[[ Raw data open ]]

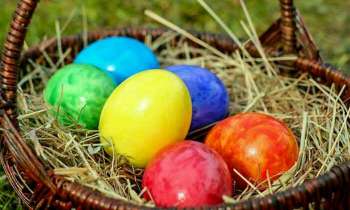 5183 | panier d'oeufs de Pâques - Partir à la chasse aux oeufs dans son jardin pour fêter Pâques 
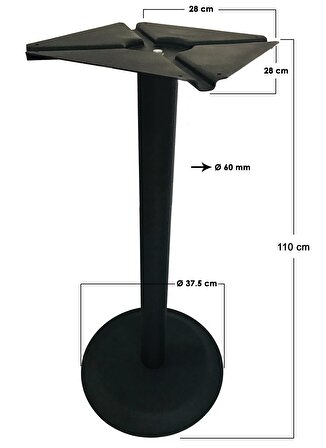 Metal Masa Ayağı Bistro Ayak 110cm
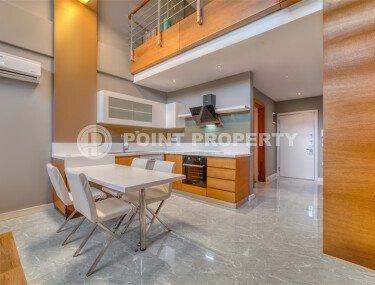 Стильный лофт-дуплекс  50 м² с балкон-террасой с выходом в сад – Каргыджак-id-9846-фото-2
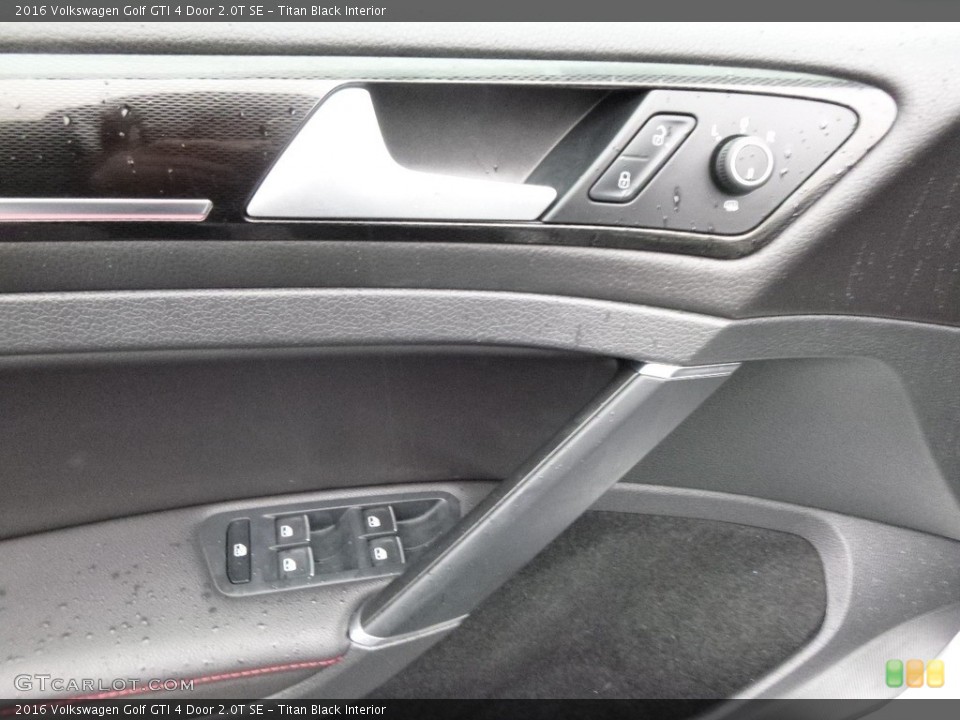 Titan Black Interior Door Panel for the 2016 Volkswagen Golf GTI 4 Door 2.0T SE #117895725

[[ Raw data closed ]]

__Activity__: Leave every picture out, and reproduce exactly the lines from the line bearing "Metal Masa Ayağı Bistro Ayak 110cm" through the closing line of the material above.

__Result for this task__:
 Metal Masa Ayağı Bistro Ayak 110cm
 Стильный лофт-дуплекс  50 м² с балкон-террасой с выходом в сад – Каргыджак-id-9846-фото-2
 Titan Black Interior Door Panel for the 2016 Volkswagen Golf GTI 4 Door 2.0T SE #117895725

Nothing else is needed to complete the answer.